Sophie Parra était au Bataclan le 13 novembre 2015

"L'horreur, c'est tous les jours depuis le 13 novembre", une Lyonnaise rescapée du Bataclan se confie à Lyon Capitale

Ce mardi 12 octobre, Sophie Parra, une Lyonnaise rescapée du Bataclan le 13 novembre 2015, se rend à Paris pour témoigner de l’horreur qu’elle a vécu ce soir-là… Elle se confie à Lyon Capitale.

« L’enjeu est de pouvoir en parler sans m’effondrer » assure Sophie Parra, la voix tremblante. 6 ans après l’attaque, et quelques heures avant son témoignage à Paris, l’émotion reste la même pour la native de Lyon. La jeune femme de 37 ans, qui a grandi à Villeurbanne, s’est exilée pendant 12 ans à Paris avant de revenir à Lyon après les attentats. « Je suis une enfant d’ici » rappelle-t-elle en souriant. Cependant, le 13 novembre 2015, peu après 21h40, comme les 1500 autres personnes présentes au Bataclan, la vie de la fenotte – "de l'enfant d'ici" – changeait à tout jamais. Ce soir-là, elle est touchée de deux balles dans la jambe par l’un des trois assaillants.

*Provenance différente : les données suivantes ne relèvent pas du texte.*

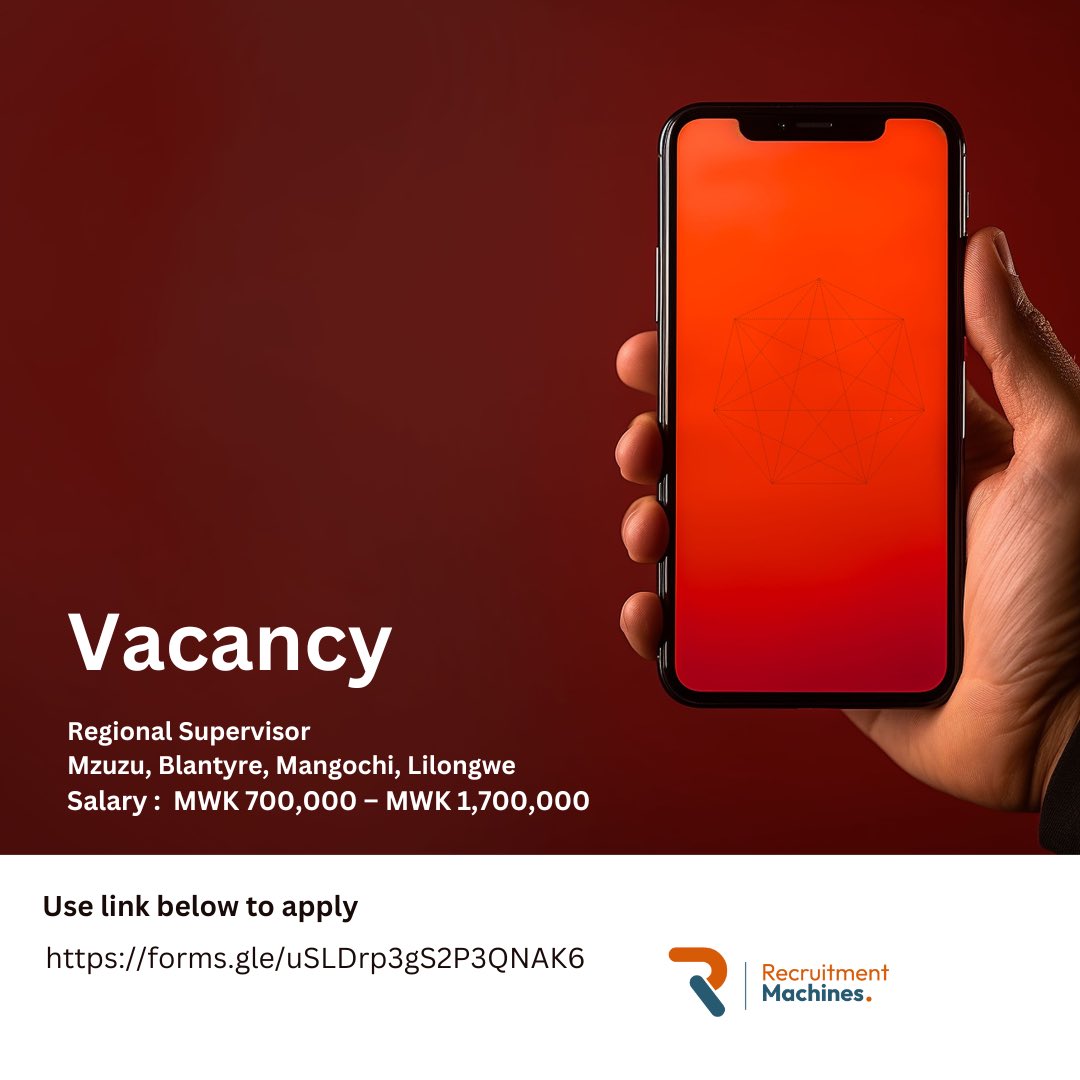 Recruitmen83663's tweet photo. Come on 

Don’t be shy 

Apply 😌

RT for awareness 

#jobvacancy 
#Malawi https://t.co/orVtl4cWUN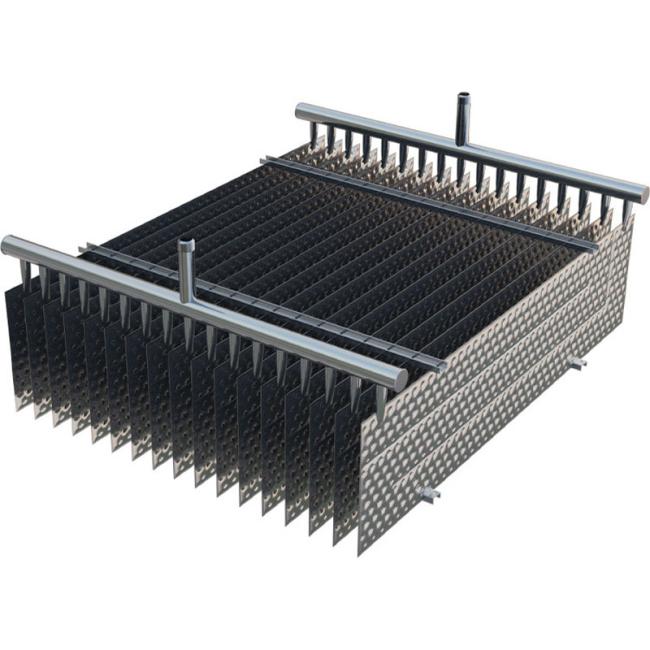 Corrosion resistant dimple plate stainless steel heat exchanger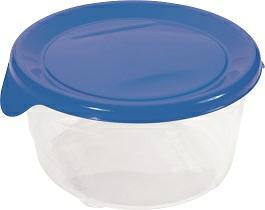 Curver 00563-139-01 Ronda frescura contenedor Fresh and Go, 0.5 L, Transparente/Azul
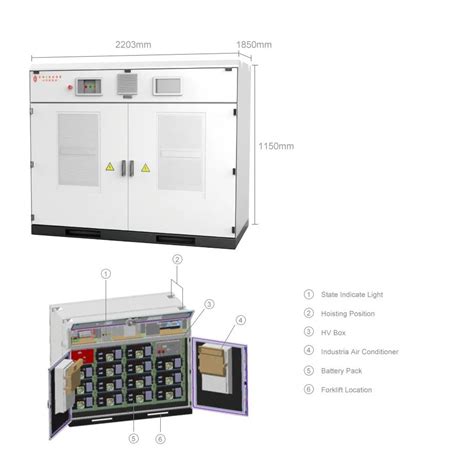 Chisage Ess All In One Battery Storage Cabinet Kw Kwh With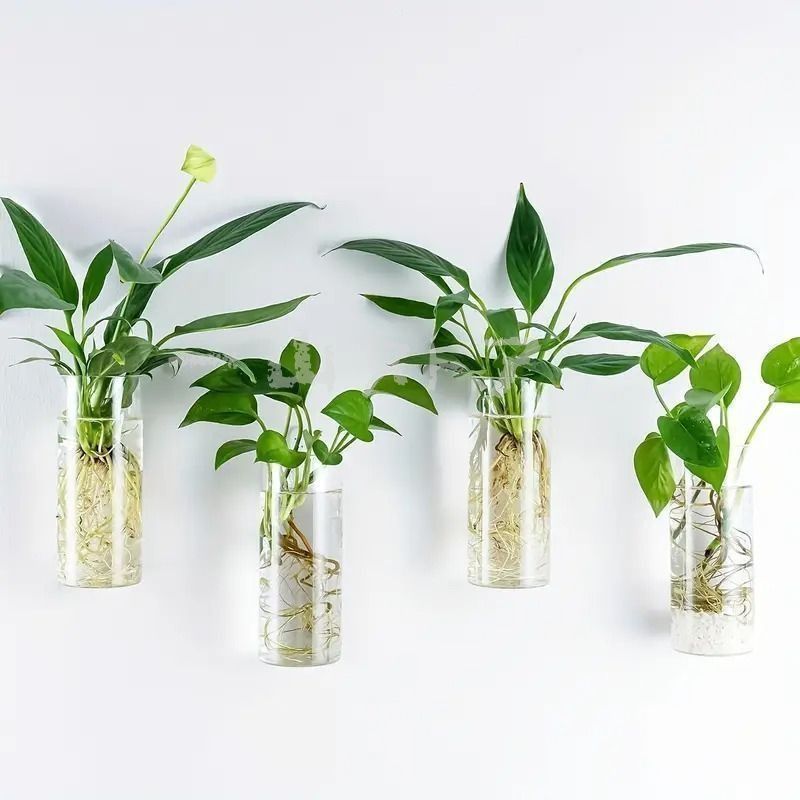 新品?未使用】 花瓶 試験管プランター 壁掛け フラワーベース ウォール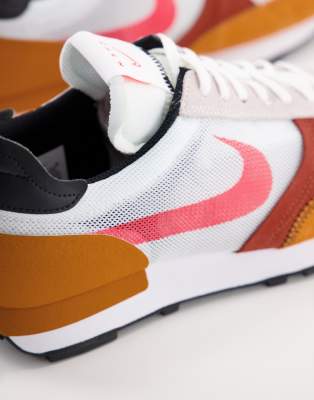 white mesh nike trainers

« Il a déjà ses tribunes dans la presse. Tout le monde relaie ce qu'il dit, ce qu'il fait »

Sophie Parra, rescapée du Bataclan parle de Salah Abdeslam  


Près de 6 ans plus tard, elle est appelée à témoigner à la barre de la salle des pas perdus du Palais de Justice de Paris. Son angoisse : « être confrontée à "l’autre" qui se sent obligé de faire son show et de nous provoquer ». "L’autre", c’est Salah Abdeslam. Tout au long de l’entretien, Sophie ne citera jamais son nom. « Il a déjà ses tribunes dans la presse. Tout le monde relaie ce qu’il dit, ce qu'il fait » justifie-t-elle. « Le plus important, c’est nous, notre vécu, ce qu’ils nous ont fait subir » continue la villeurbannaise, très remontée.

Un procès redouté

Sophie Parra

Sophie appréhende ce mardi 12 octobre, jour de son témoignage en tant que partie civile du procès. Pourtant, elle est déjà montée deux jours en septembre à Paris pour « prendre la température, voir la salle, son aménagement ». La désormais ex-parisienne y est aussi et surtout allée « pour ne pas arriver le jour J comme une fleur et être en panique » confie-t-elle à Lyon Capitale. Quasi-constamment branchée à la web radio qui diffuse le procès en direct, Sophie admet trouver de la force dans les témoignages des autres rescapés « D’abord, je me dis ‘’je ne vais jamais y arriver, je ne peux pas, j’ai trop peur’’. Puis la seconde d’après, je me répète que moi aussi je peux le faire, qu’il faut que je le fasse. Pour cela, la web radio m’aide bien » admet-elle.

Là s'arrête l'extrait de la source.